Tagliare la spesa pubblica per crescere

Ad essere sinceri, il decreto del governo Letta che stanzia 1,5 miliardi per rilanciare l’occupazione somiglia tanto a quei ben noti pannicelli caldi della nostra politica. L’impressione è che si cerchi di usare l’aspirina, con qualche intervento mirato, per cercare di curare il colossale cancro che affligge il sistema. Cancro che, come mi trovo a ripetere fino alla nausea, rappresenta il male terminale di un crescente eccesso di spesa pubblica e di conseguente tassazione. Tanto è vero che proprio su questo piano Antonio Polito, certamente non un estremista libertario, nel corso dell’ultima puntata di Ballarò ha detto che se nemmeno un governo di larghe intese sembra in grado di adottare misure dolorose sul fronte dei tagli, allora non si capisce chi mai potrebbe farlo.

D’altro canto con un rapporto, anch’esso in preoccupante crescita, tra uscite pubbliche e Pil che ha superato il 55% - complice anche la lunga recessione in atto - nessuna misura chirurgica, per quanto intelligente possa risultare, sarebbe in grado di stimolare la ripresa economica e l’occupazione. Occorre riportare detto rapporto ampiamente sotto una soglia accettabile se vogliamo che ripartano in modo spontaneo i consumi e gli investimenti. Se, al contrario, continua a prevalere anche nel governo Letta la ricetta keynesiana di sostenere la domanda attraverso ulteriori partite di giro pubbliche, ottenute con ulteriori tassazioni più o meno occulte, il Paese reale continuerà a sprofondare in una crisi sistemica inesorabile.
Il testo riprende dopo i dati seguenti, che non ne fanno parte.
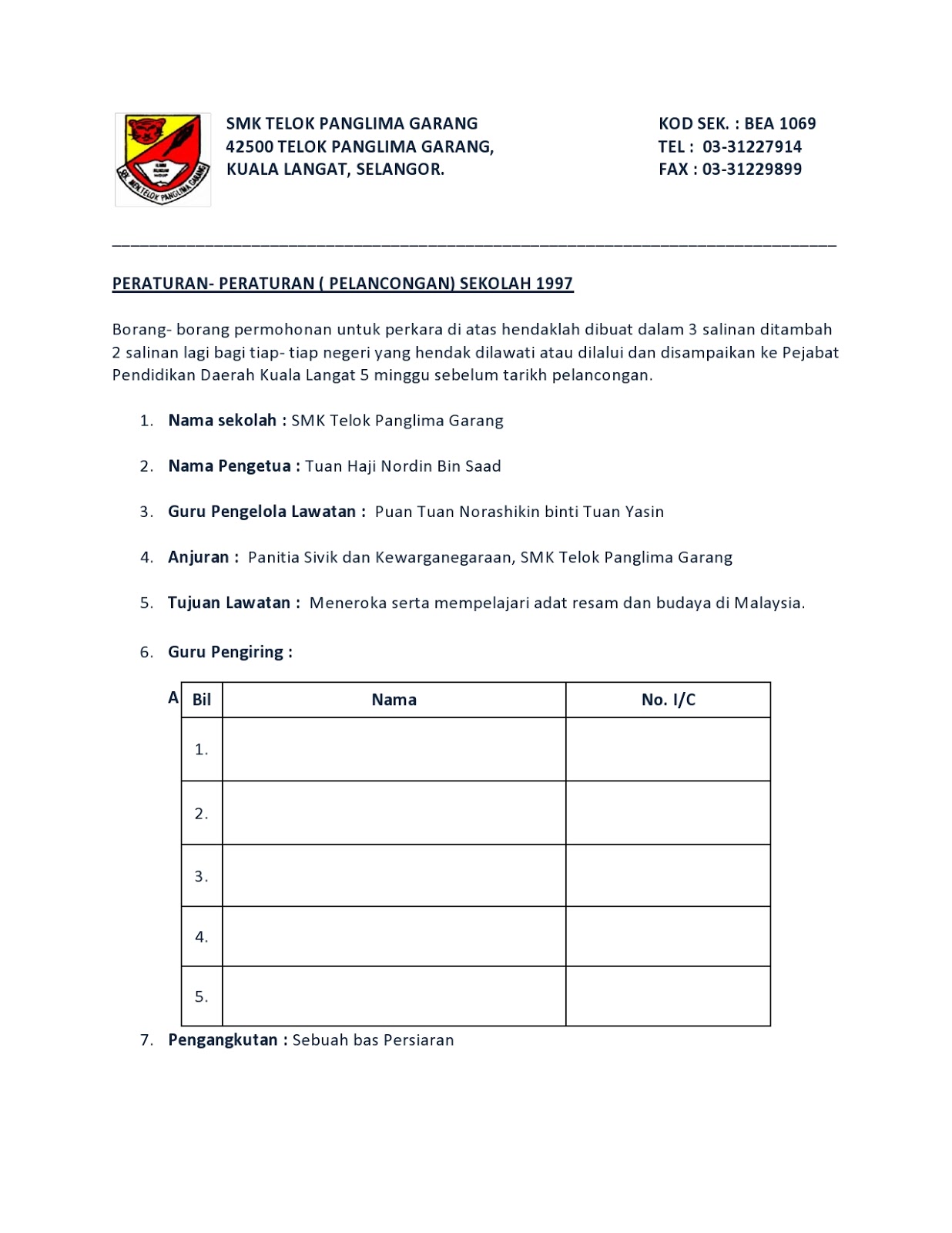 Contoh Kertas Kerja Program Sekolah - Our Families Journey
Allo stesso modo, almeno finché non si decida una catastrofica uscita dall’euro, qualunque forma di alleggerimento dell’attuale, feroce pressione fiscale in deficit verrebbe pagata duramente sul fronte dei mercati finanziari, con il rischio di finire in bancarotta in breve tempo a causa dell’esplosione dei tassi d'interesse sui nostri titoli del Tesoro. Pertanto, non sembra che vi siano alternative ad un deciso quanto impopolare abbattimento della spesa pubblica e della tassazione. Solo in questo modo una parte dell’enorme liquidità drenata da uno Stato ipertrofico e inefficiente, restando nel circuito dell’economia reale, consentirebbe al sistema privato di riprendere spontaneamente a crescere. Ovviamente mi riferisco a tagli di spesa sostanziosi, da realizzarsi nei capitoli più importanti del settore pubblico. Niente a che vedere con la sinistra pagliacciata sugli F-35, trattandosi a regime di risparmi a dir poco ridicoli.